### Extracted entries
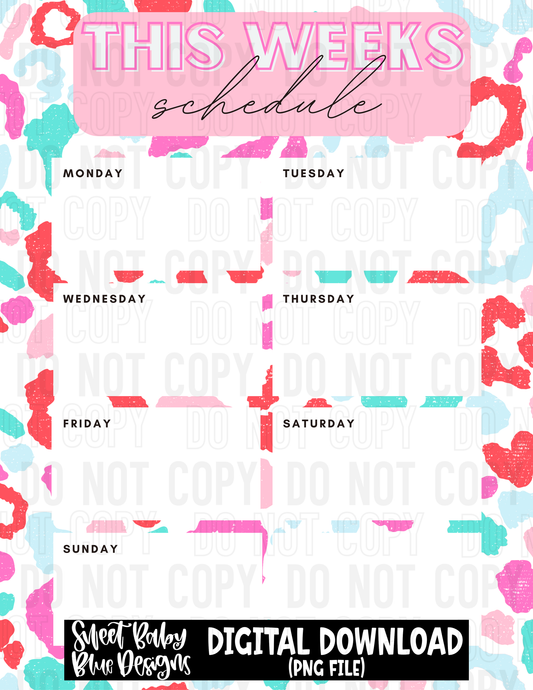 This weeks schedule - Printable- Sweet leopard - 2023 - PNG file- Digital Download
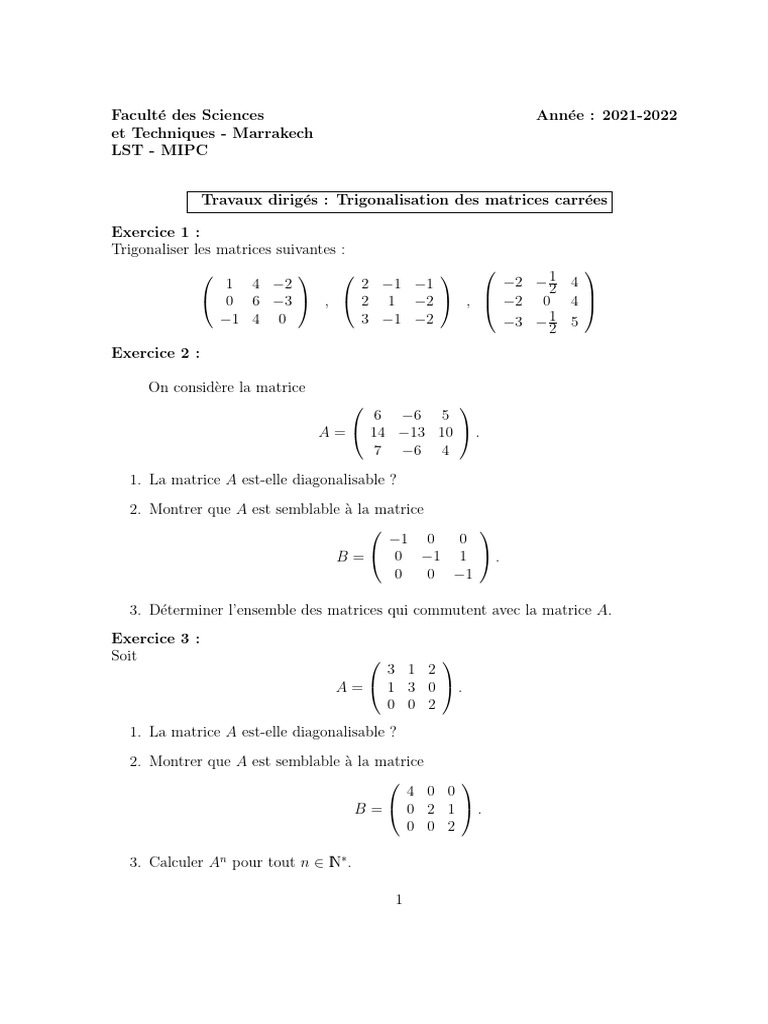 Trigonalisation et Diagonalisabilité des Matrices | PDF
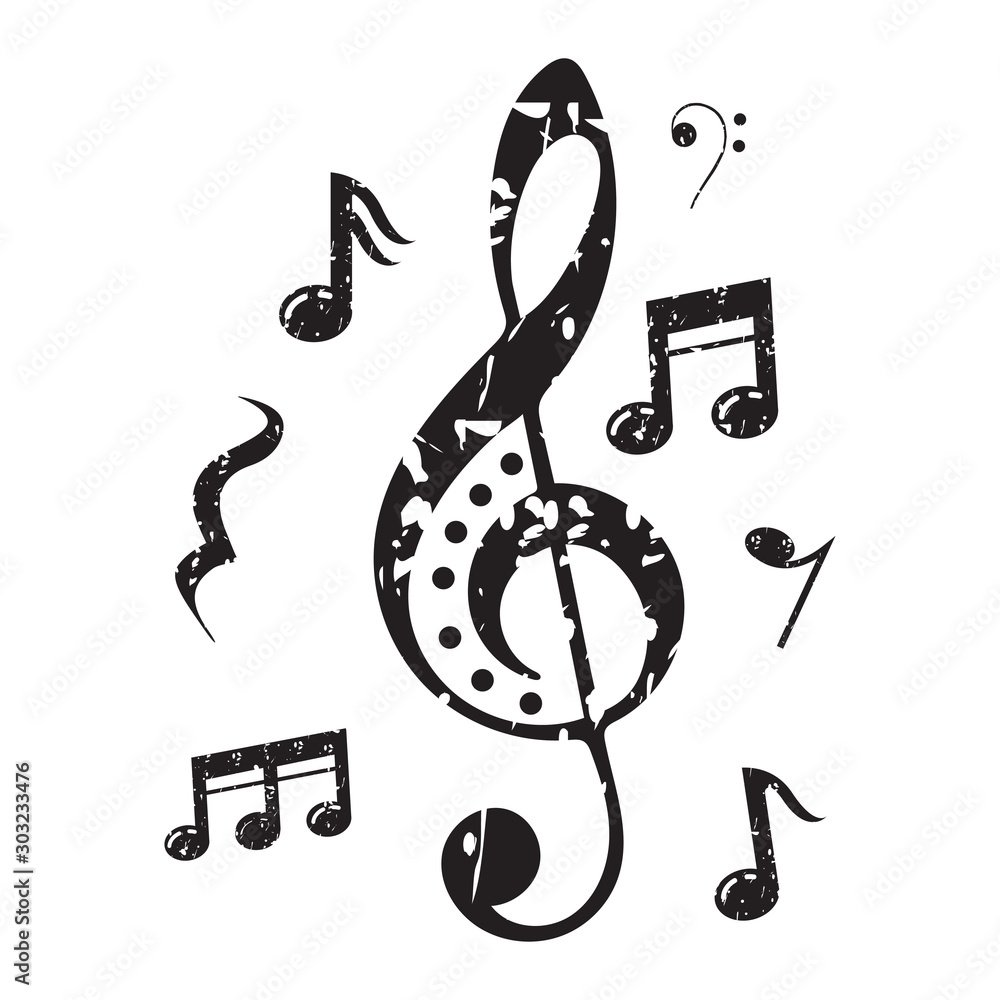 Music note icons, music scales, musical elements, and scales in vector
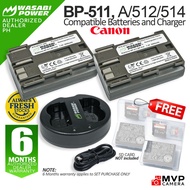 [AUTHORIZED PH] WASABI POWER Canon BP511 BP-511 BP-511A BP-512 BP-514 Battery Charger Set Spare MVP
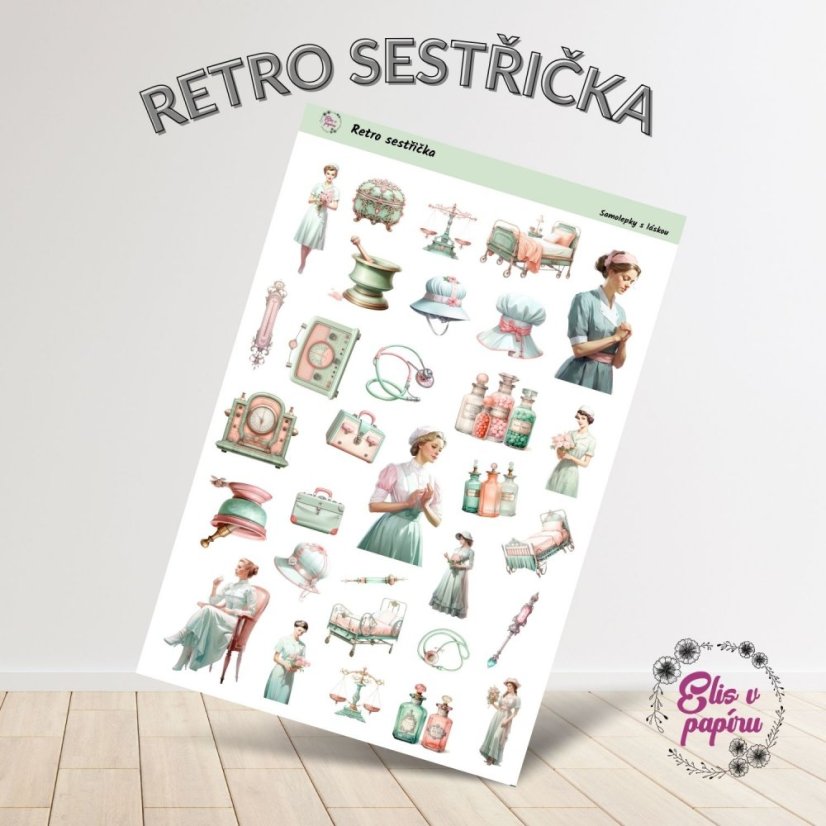 Samolepky nejen do diáře  s motivem zdravotních sestřiček laděný do stylu vintage a retra od Elis v papíru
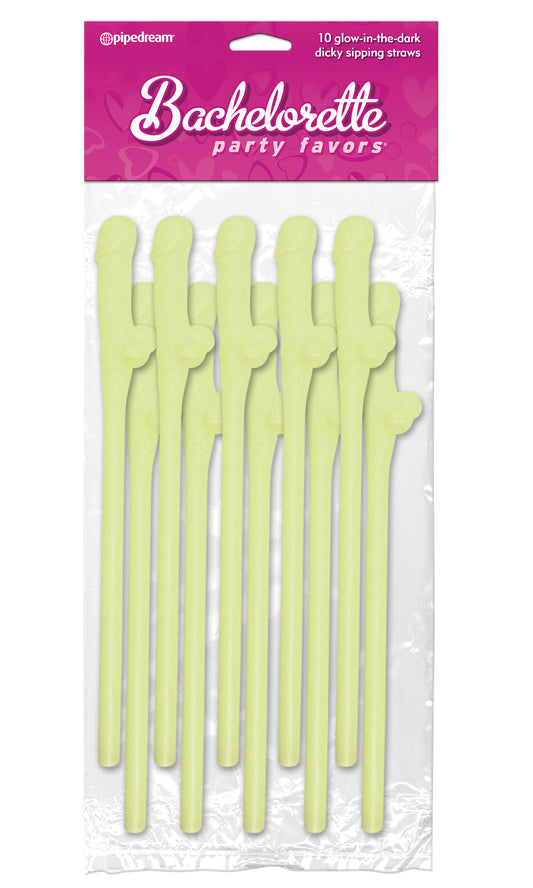 Bachelorette Party Favors - Dicky Sipping Straws - Glow-in-the-Dark - 10 Piece | 603912116427 | Available at EroticWarehouse.com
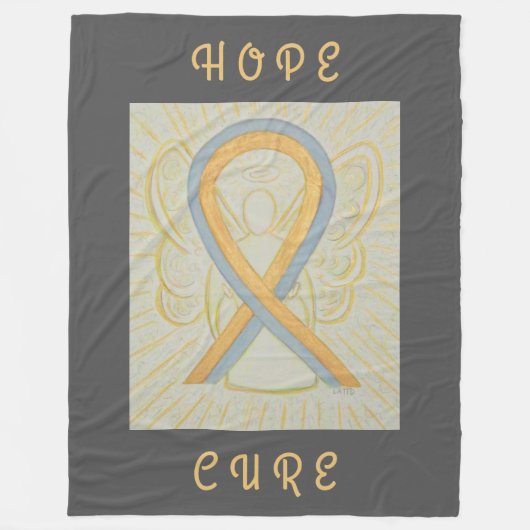 Couverture Polaire Gray and Gold Awareness Ribbon Angel Chemo Blanche (Devant)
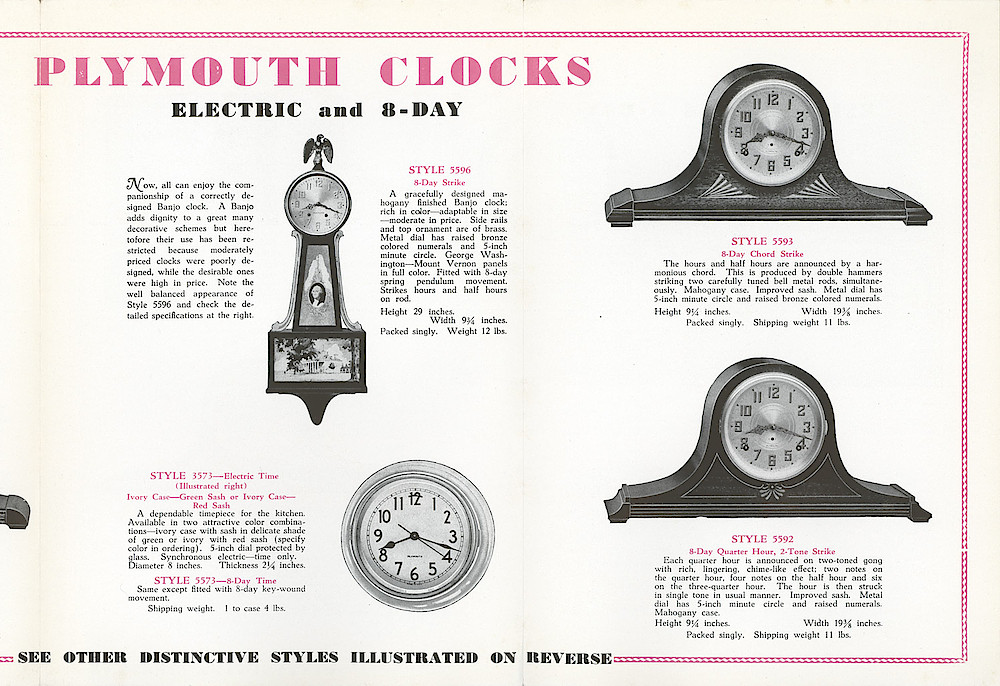 Plymouth Clocks, tri-fold brochure, red and black printing > 3-4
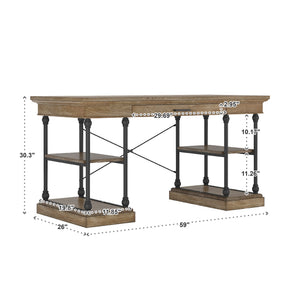 Deidrian Oak Veneer Writing Desk with Metal Frame Shelves and Keyboard Drawer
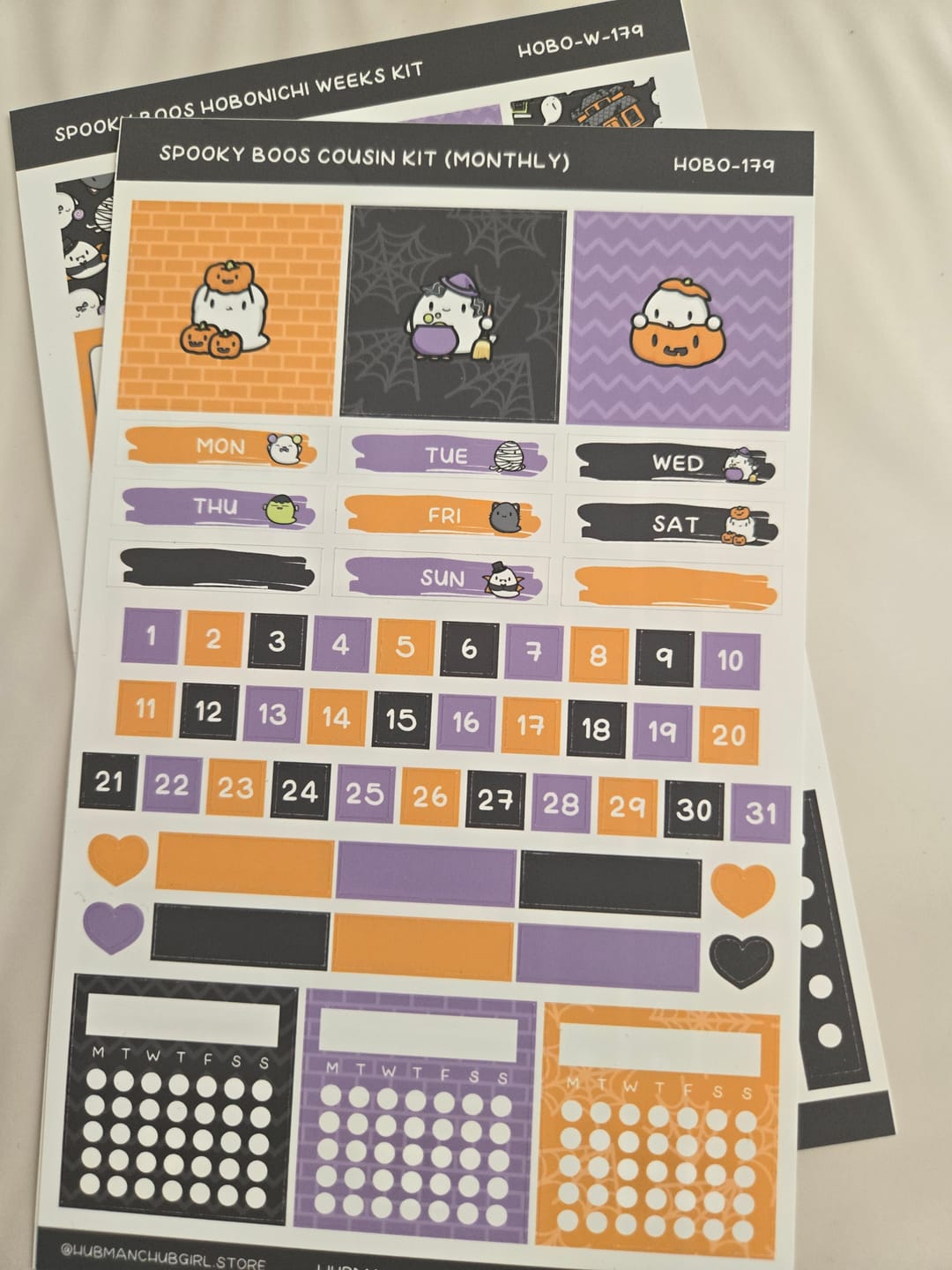 Customer photo review of Spooky Boos Theme Hobonichi Cousin Monthly Kit (Set of 2)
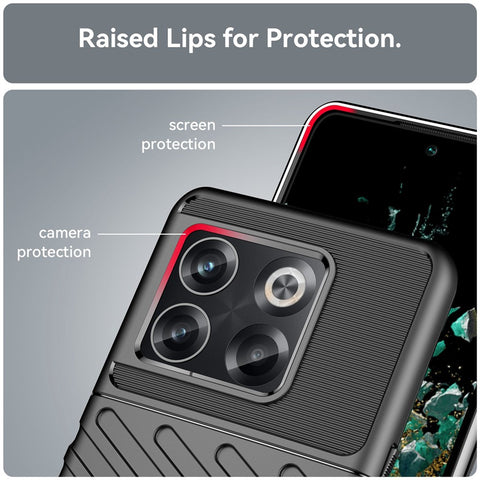 For OnePlus 10T 5G / Ace Pro 5G Thunder Series Twill Texture Anti-Slip Case Thickened TPU Shockproof Cover Phone Protector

### What is needed
Can the entries above be repeated exactly, without their pictures?

### Answer to this exercise
 This weeks schedule - Printable- Sweet leopard - 2023 - PNG file- Digital Download
 Trigonalisation et Diagonalisabilité des Matrices | PDF
 Music note icons, music scales, musical elements, and scales in vector
 [AUTHORIZED PH] WASABI POWER Canon BP511 BP-511 BP-511A BP-512 BP-514 Battery Charger Set Spare MVP
 Samolepky nejen do diáře  s motivem zdravotních sestřiček laděný do stylu vintage a retra od Elis v papíru
 Bachelorette Party Favors - Dicky Sipping Straws - Glow-in-the-Dark - 10 Piece | 603912116427 | Available at EroticWarehouse.com
 Couverture Polaire Gray and Gold Awareness Ribbon Angel Chemo Blanche (Devant)
 Plymouth Clocks, tri-fold brochure, red and black printing > 3-4
 Deidrian Oak Veneer Writing Desk with Metal Frame Shelves and Keyboard Drawer
 Customer photo review of Spooky Boos Theme Hobonichi Cousin Monthly Kit (Set of 2)
 For OnePlus 10T 5G / Ace Pro 5G Thunder Series Twill Texture Anti-Slip Case Thickened TPU Shockproof Cover Phone Protector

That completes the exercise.